Sunday, 21 December 2014

Growing Up is not my friend.


For most, and in many circumstances, Growing Up is not one's best friend. Growing Up is in fact the enemy of practically anybody with a poor, fragile heart. It always comes in the least expected moments, in quiet bubbles of ignorant bliss it blasts your peaceful mind with Grown Upness which usually means realisation of some horrid thing or another.

It grows in frequency and weakens the amount of pain it causes for eventually Growing Up is fully done and the inevitability has had time to sink in. It happens when you realise that Father Christmas isn't real and for the next few years that once very special day dips in magic and excitement until you can come to settle with the other festive joys. It happens when your body starts to change itself despite your desperate cries for it to stop and stay the same for ever and ever in clean and new perfection. It happens when instead of games running off pure imagination your attention turns less intensely to other distractions that need more material than just the wonders inside of your head. Suddenly boredom is so much more prominent and hours go by with not one ounce of inspiration for a game or even for a cushion fort to make. Younger children seem silly now and with your sudden superiority you try to ride this wave of hormones and understanding with as much dignity as any young person is capable of. Unfortunately however you just keep falling down and yearn for your mum to hold you in her arms so that distant memory of being held as a baby can sooth you from the imminent Growing Up you will have to do.
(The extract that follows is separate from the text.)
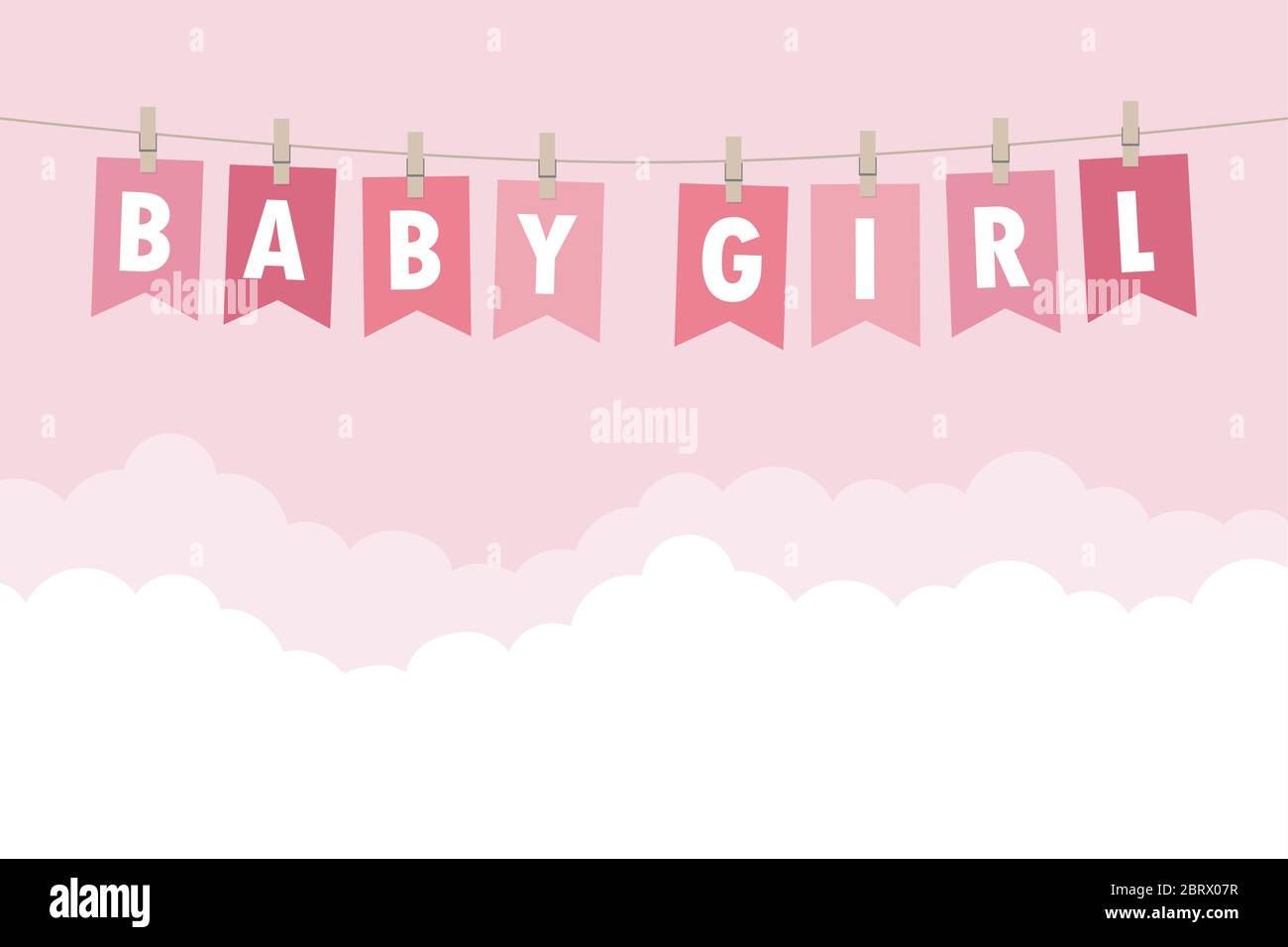 baby girl welcome greeting card for childbirth vector illustration EPS10 Stock Vector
As you reach the end of the official stage of Growing Up it's possibly the most painful. The absolute realisation of a childhood utterly lost to broken memory and a box of toys and DVDs that now collects dust in the loft hits hard at random points in the day. It is like you are stuck between struggling through this last treacle like stage to get out of it, or desperately clinging to whatever you can hold onto so as not to leave any of it behind. It is like you are both being rushed along by a strong current, and suspended in a stillness that you cannot wilfully remove yourself from.

Growing Up is, as we all sorely remember and experience, really, really, really hard. So far I'm not sure if I'm near to the good bit yet. I can still feel pangs of sad nostalgia that open new, sore wounds of memory. I'm fully aware of a slight feeling of loss, and yet anticipation all at the same time. It really is a wonder anyone gets out of this part alive.

Saturday, 13 December 2014

Death to uniform.

I have been wearing uniform all my life. From the age of 4 I've gone to school in red, then blue and then finally black. As a primary school child I paid little attention to my uniform. Clothes didn't exactly bother me, I was pretty preoccupied with other important stuff such as who will play mum in today's mums and dads game. Or if you were a child with a slightly overactive imagination like me, who will play the pregnant teenage daughter of the negligent mother in our more modern, more dysfunctional mums and dads game. But more of that later.

The point is, when one's individuality is only just beginning to form it's just simply more practical for the parents to have the same outfit ready everyday. The same goes for the lower years of secondary school, younger minds needn't be bothered with social conformity so conforming in minor ways such as wearing school uniform isn't at all a problem. The problem arises when the scepticism starts to kick in. When the individuality has finally arrived and it suddenly matters a great deal to the hormonal, bad tempered teenager. Suddenly you're being told to do something you most likely despise. To wear an ill fitting, uncomfortable skirt or blazer at the age of fifteen, an age riddled with crippling insecurity, is a little bit like death. One comes to the realisation soon after this age that, perhaps unintentionally or even wholly deliberately, you and all your peers have been trained into a uniform way of living and looking that is apparently the foundations on which the entire business world stands upon. Because then, of course, sixth form comes around and uniforms are abolished. Almost.

This is, for most schools, the pinnacle moment of uniformity. The boys will wear suits and the girls will look smart also. You will all look like lawyers and bankers or you will go home. The rules perhaps are more malleable for the girls, but totally unavoidable for the boys. This is the proper way to look. People will take you seriously like this, even if you have no say in the matter. Even if you'd actually prefer to look like an artist, or a punk, or a goth or any other fashion you can identify with. This is the adult world now, and we must all go forth together banded with ties and cufflinks galore.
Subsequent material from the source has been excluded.